Nous nous sommes mis d’accord sur les aspects principaux de l’économie sociale solidaire :
1) L’Economie Sociale Solidaire représente une alternative au capitalisme ainsi qu’à d’autres
systèmes économiques autoritaires et dominés par l’Etat, au sein de laquelle les gens ordinaires
jouent un rôle actif qui donnent forme à leur vie économique. L’ESS existe dans tous les secteurs de
l’économie : la production, la finance, la distribution et l’échange, et dans la consommation.
2) L’Economie Sociale Solidaire est une approche éthique et basée sur des valeurs du
développement économique qui met la priorité sur le bien-être des êtres humains et de la planète
(par exemple, le concept d’Indice du Bonheur et de buen vivir -vivre en harmonie avec les autres
peuples et avec la Terre Mère), plutôt que sur le profit et la croissance aveugle. Nous réaffirmons
les valeurs exprimées dans la Charte du Ripess qui incluent :
a. l’humanisme;
b. la solidarité/mutualisme/coopération/réciprocité, y compris la globalisation de la solidarité
(antiimpérialisme);
c. une démocratie sociale, politique et économique;
d. l’équité/la justice pour tous y compris les dimensions de genre, race, ethnie, classe, âge,
orientation sexuelle, etc.;
e. le développement durable;
f. le pluralisme/inclusivité/diversité/créativité;
g. la Territorialité/développement local/subsidiarité qui est à la base de la prise de décision et de la
gestion à un niveau aussi local que possible.
3) L’Autogestion et la propriété collective sur le lieu de travail et dans la communauté sont des
éléments centraux de l’économie solidaire.
a. Il existe de très nombreuses manifestations de l’autogestion et des formes de propriété collective
qui comprennent : les coopératives (de travailleurs, producteurs, consommateurs, de crédit, de
logement, etc.), des entreprises dont la communauté est propriétaire, des « biens communs »
(gouvernance participative, comme par exemple la gestion communautaire des forêts au Népal).
4) L’économie solidaire met l’accent sur l’empowerment des femmes et des groupes marginalisés,
ainsi que sur le travail de lutte contre la pauvreté et d’inclusion sociale.
5) Nous reconnaissons l’importance de développer les liens avec les mouvements sociaux qui
luttent pour la justice sociale et économique tels que les luttes des femmes, des travailleurs, réforme
agraire, petits agriculteurs, les pauvres, les indigènes et les mouvements environnementaux.
6) Il y a beaucoup de bases fertiles qui possèdent un grand potentiel pour le développement
d’alliances.

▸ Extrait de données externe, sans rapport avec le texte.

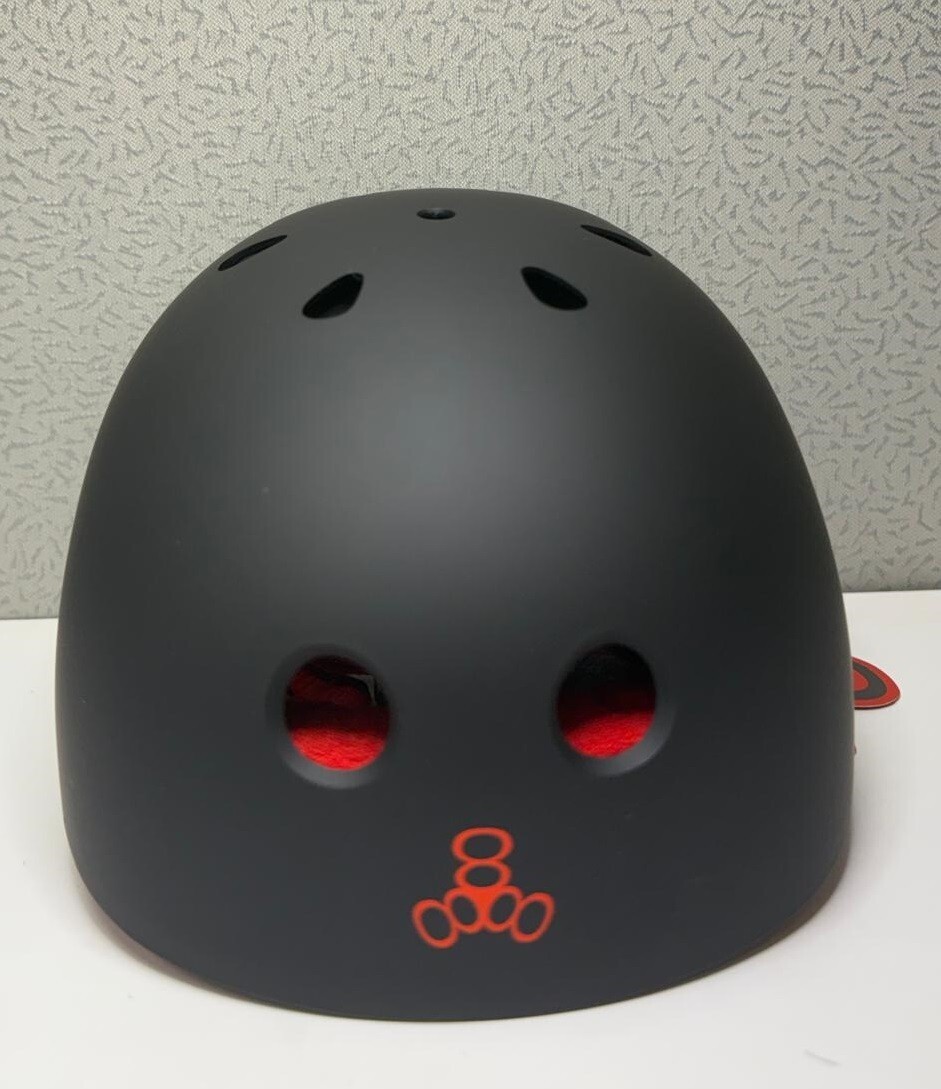 Triple Eight Sweatsaver Liner Skateboarding Helmet, Black Matte/Red, Small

Certaines sont en partie alignées sur, mais ne font pas partie de l’économie solidaire
comme, par exemple, le secteur de l’économie populaire et informelle. D’autres s’identifient à un
aspect particulier de l’économie solidaire comme par exemple le commerce équitable, vert, bio qui
s’aligne sur les valeurs de l’ESS, mais peuvent être en conflit avec d’autres valeurs dans des aspects
importants et structurels. Malgré tout, il existe un grand potentiel pour construire des alliances et
des collaborations mutuelles.
a. L’économie populaire et informelle – le secteur populaire ou informel de l’économie est très
important étant donné que de nombreuses personnes, en particulier dans le Sud global, en dépendent
en termes de survie. Par exemple, les trois quarts de la population du Mali sont impliqués dans
l’économie informelle. L’économie populaire comprend des activités économiques qui ne sont pas
couvertes par des arrangements tels que les taxes, la protection du travail, les régulations sur les
salaires minimum, les allocations de chômage ou les contrats de travail. De nombreux travailleurs
autonomes, des microentreprises, des commerçants, et des pratiques d’entraide font partie de
l’économie populaire. L’économie populaire n’est pas la même chose que l’économie solidaire,
mais s’aligne de nombreuses façons étant donné que les acteurs trouvent souvent des formes
collectives de satisfaire leurs besoins économiques et sociaux, comme par exemple les tontines, les
cuisines communautaires (comedores populares), l’entraide, des systèmes d’assurance mutuelle, etc.
Au Vénézuela le Ministère de l’Economie Populaire est très proche des orientations de l’économie
solidaire.
b. Commerce bio, vert, équitable : Il existe de nombreuses tendances et mouvements qui reflètent
les valeurs de l’économie solidaire et peuvent ou ne peuvent pas inclure l’économie solidaire. Un
exemple de ces derniers serait par exemple le Wal-mart qui possède sa propre marque de Café
Certifié Commerce Equitable des Forêts Pluvieuses (Rainforest) mais qui en même temps, est
engagé dans le démantèlement des syndicats et utilise son énorme part de marché pour faire tomber
les prix et les salaires. Cependant il existe certainement des praticiens dans ces secteurs qui sont des
alliés valables et d’autres qui forment déjà partie de l’économie sociale et solidaire.
7) Il est important de construire des stratégies du micro au macro:
a. Construire des pratiques sur le terrain - ceci est le coeur de l’économie sociale et solidaire que la
recherche, les politiques, le plaidoyer et la communication aident et permettent de mettre en place.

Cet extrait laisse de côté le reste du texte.